Specifically, what I've found adjusting valve clearance (head torqued to spec, camchain adjusted properly) is that when i grab the adjuster end of the rocker arm i can wiggle the rocker arm side to side. (ex valves) Ill see if i can measure this somehow.. its far enough to very slightly misalign with valve stem. i wonder is if this is ok. Or how much is too much? I imagine the relationship between rocker arm hole and shaft is out of tolerance but, i think the shafts themselves are well secured.

I have a small collection of used motors. By examining the topcaps I've found one that has rockers that do not wiggle side to side on the shaft at all. Cam followers look great no bluing, no scratches, no dulling. I don't know if i can tell anymore which cam goes with which cap. Am i ok to pull shafts and rockers to install in the matching cap I'm using. Won't hurt the cam lobes or followers if i assemble with lube and back off the adjusters right?

I'm hoping the cap I'm running isn't warped, i honestly didn't check when i put it together. No leaks, no binding, oodles of power for four years now.. Riding it all the time, including today.. When i disassemble i will check for warpage and defect of cap itself.. That factor had not occurred to me.
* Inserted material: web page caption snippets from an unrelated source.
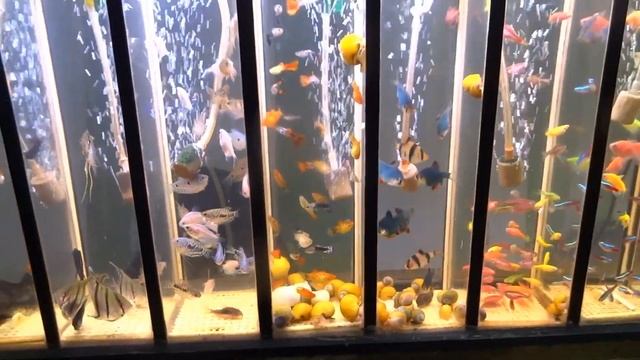 птичка .продажа аквариумнызх рыбок гуппи живородка. корма живого.растения рыбки их много.2023 г мар смотреть онлайн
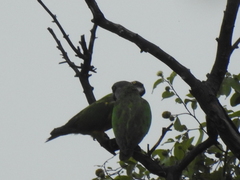 Poicephalus senegalus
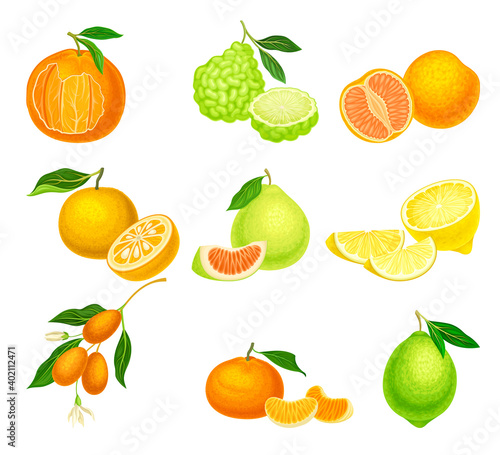 Fototapeta Naklejka Na Ścianę i Meble -  Citrus Hesperidium Fruits with Mandarin and Kumquat Vector Set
Of course what you say about disassembly and inspection is true. The only way to know for sure what's worn and why... I know people often use salvaged hopefully less abused parts with a certain risk. Could be better or worse i suppose, i just have this thing about reusing stuff whenever possible. i will measure both sets meticulously when i am ready to do the swap and I'll take really close look at cam lobes, i have a few spare cams as well.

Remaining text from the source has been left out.